Grassington Congregational Church is a historic church in Grassington, a town in North Yorkshire, in England.

In 1811, two or three residents in Grassington became interested in congregationalism, and requested that student ministers from Idle visit to preach. This proved successful, and a church building was quickly constructed, opening on Christmas Day. In 1857, an infants' school was added at the rear of the church, and the front and left facades of the church were rendered in stone. The roof was replaced in 1861, and in 1876 pews were installed on the ground floor. An extension with a kitchen and toilets was added in 1988, and the church was repaired in 2009. The building was grade II listed in 1989.
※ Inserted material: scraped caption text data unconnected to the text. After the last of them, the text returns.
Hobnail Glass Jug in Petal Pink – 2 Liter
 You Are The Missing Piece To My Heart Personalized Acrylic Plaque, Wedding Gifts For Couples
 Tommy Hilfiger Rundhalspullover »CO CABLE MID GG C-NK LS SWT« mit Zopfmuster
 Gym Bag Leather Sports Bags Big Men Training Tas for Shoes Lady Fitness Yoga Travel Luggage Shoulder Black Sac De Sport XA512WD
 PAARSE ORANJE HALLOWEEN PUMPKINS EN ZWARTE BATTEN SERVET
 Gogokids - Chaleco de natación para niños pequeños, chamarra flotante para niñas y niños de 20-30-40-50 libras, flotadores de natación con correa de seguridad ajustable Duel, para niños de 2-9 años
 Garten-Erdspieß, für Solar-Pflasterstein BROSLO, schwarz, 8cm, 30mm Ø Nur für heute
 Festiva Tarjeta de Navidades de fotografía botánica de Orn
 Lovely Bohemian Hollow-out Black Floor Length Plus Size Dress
The church is built of gritstone, partly rendered, with stone gutter brackets, and a stone slate roof with stone gable copings and kneelers. There are two storeys, and fronts of three bays. On the entrance front are incised angle pilasters, and two round-arches doorways each with an architrave, tie-stone jambs, a fanlight with radial glazing, a keystone and a hood mould. Between the doorways is a rectangular window, above which is a plaque under sun-ray moulding containing an inscription and the date. All the windows date from the 20th century. There is an internal porch, with a wooden staircase leading up to a balcony, now divided from the main hall but retaining its original seating. The main chapel has a raised platform to the north-east, and cast iron columns supporting the balcony.